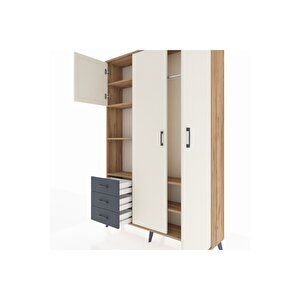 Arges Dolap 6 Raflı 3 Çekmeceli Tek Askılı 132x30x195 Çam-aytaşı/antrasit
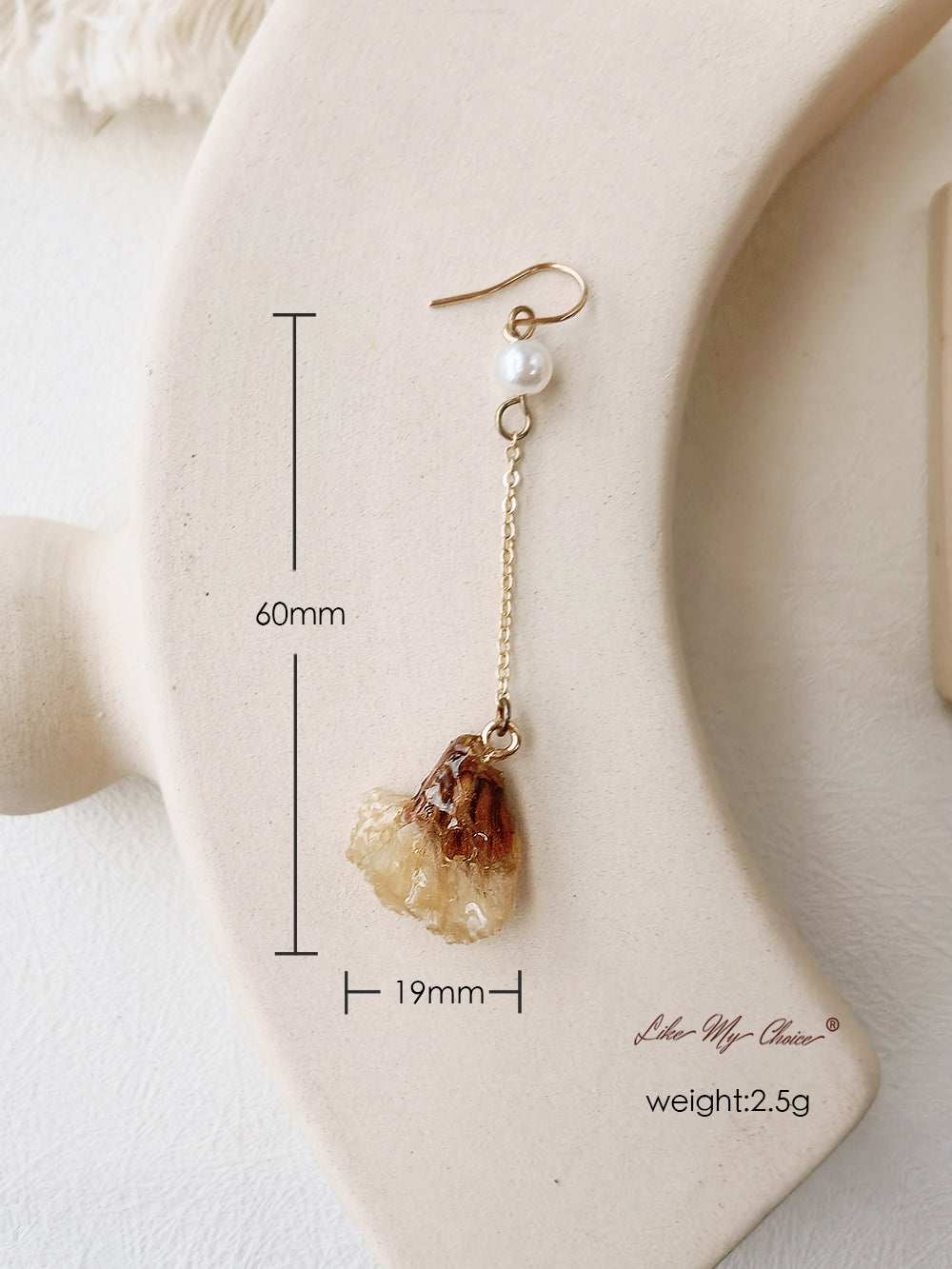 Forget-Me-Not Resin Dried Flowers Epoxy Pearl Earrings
* * *
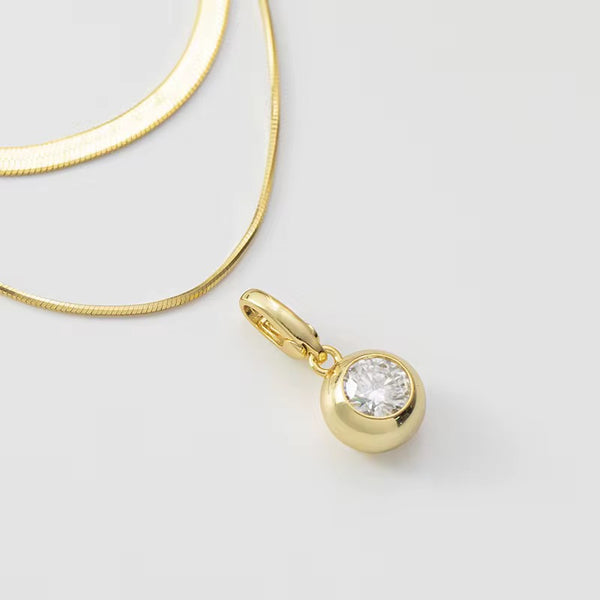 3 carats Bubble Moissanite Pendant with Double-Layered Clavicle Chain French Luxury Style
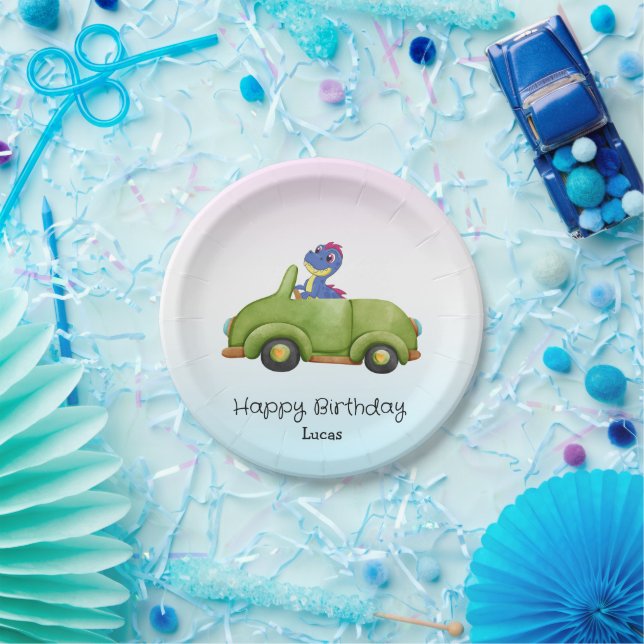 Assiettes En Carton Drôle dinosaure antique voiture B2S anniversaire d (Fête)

**Exercise directions**
Because only one stretch of the records is wanted, please output the lines from the one holding "3 carats Bubble" through the one holding "Assiettes En Carton" exactly, both included, and leave every picture out.

**Your response**
 3 carats Bubble Moissanite Pendant with Double-Layered Clavicle Chain French Luxury Style
 Assiettes En Carton Drôle dinosaure antique voiture B2S anniversaire d (Fête)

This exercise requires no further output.